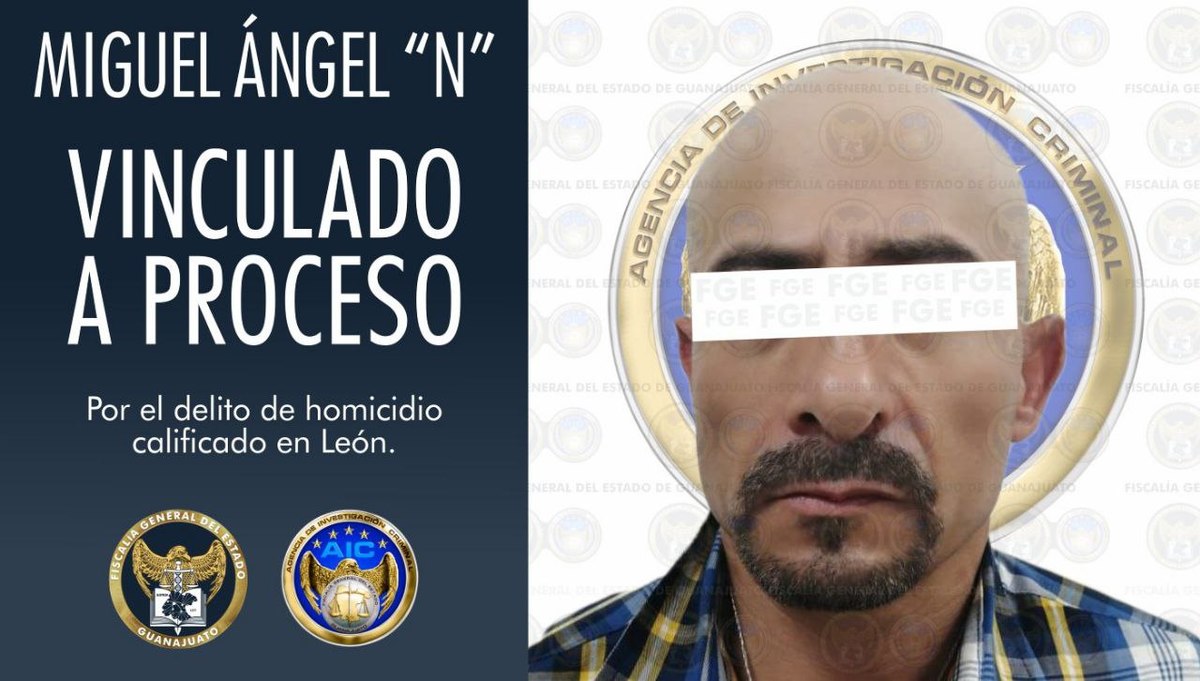 Vinculan a hombre por asesinar a dos personas en León. Foto: Especial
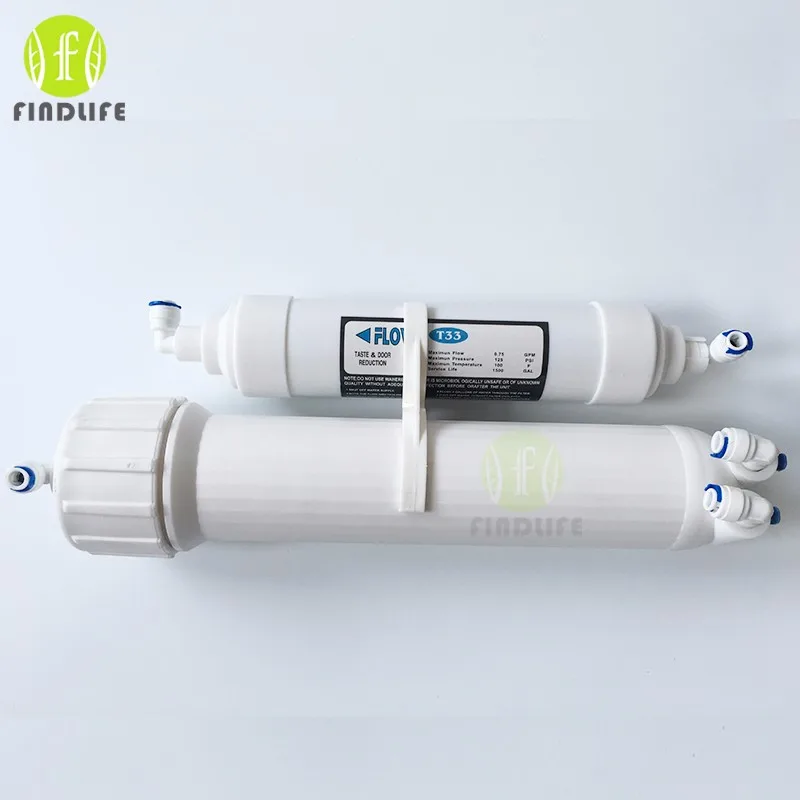 Quick connect 10 Pouces T33 avec 2 pièces montage purificateur d'eau INLINE DE N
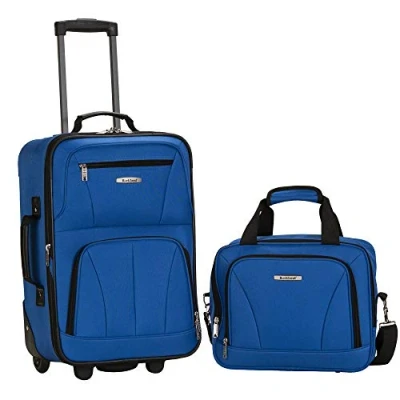Immagine di Rockland Set di valigie verticali Softside moda, Blu, Taglia unica, moda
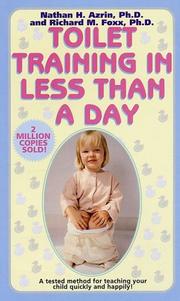 Cover of: Toilet Training in Less Than a Day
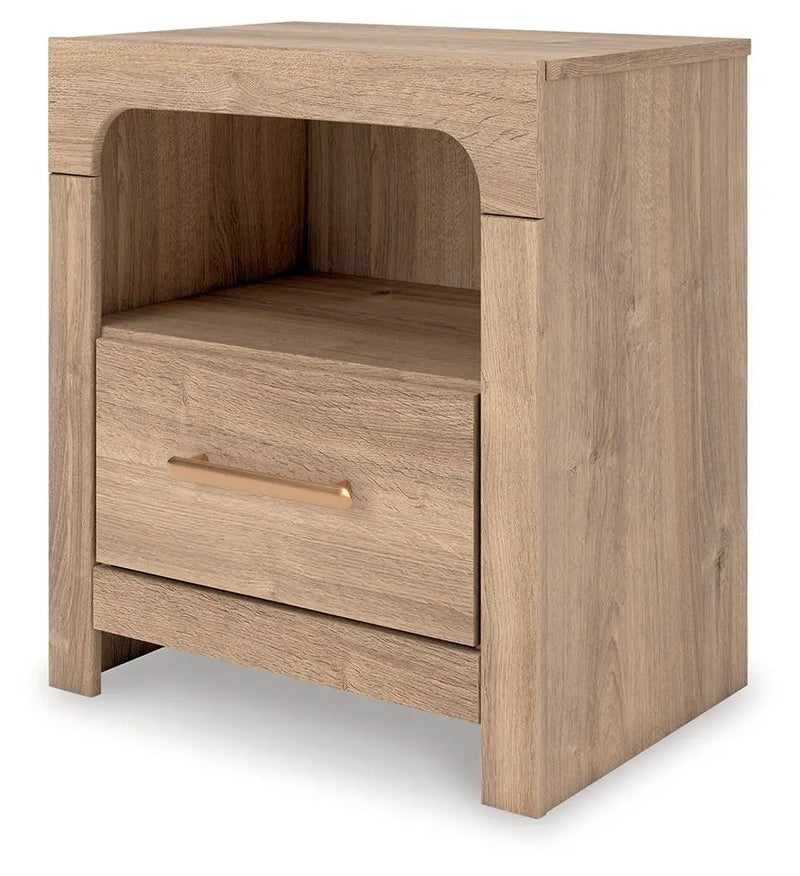 Kinlanni - One Drawer Night Stand - Tan by Unique Piece Furniture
------------------------
* Exercise directions: The required output is an exact copy of the lines from the one with "Immagine di Rockland" through the final line of the data above, with pictures removed.

* Written reply:
Immagine di Rockland Set di valigie verticali Softside moda, Blu, Taglia unica, moda
 Cover of: Toilet Training in Less Than a Day
 Kinlanni - One Drawer Night Stand - Tan by Unique Piece Furniture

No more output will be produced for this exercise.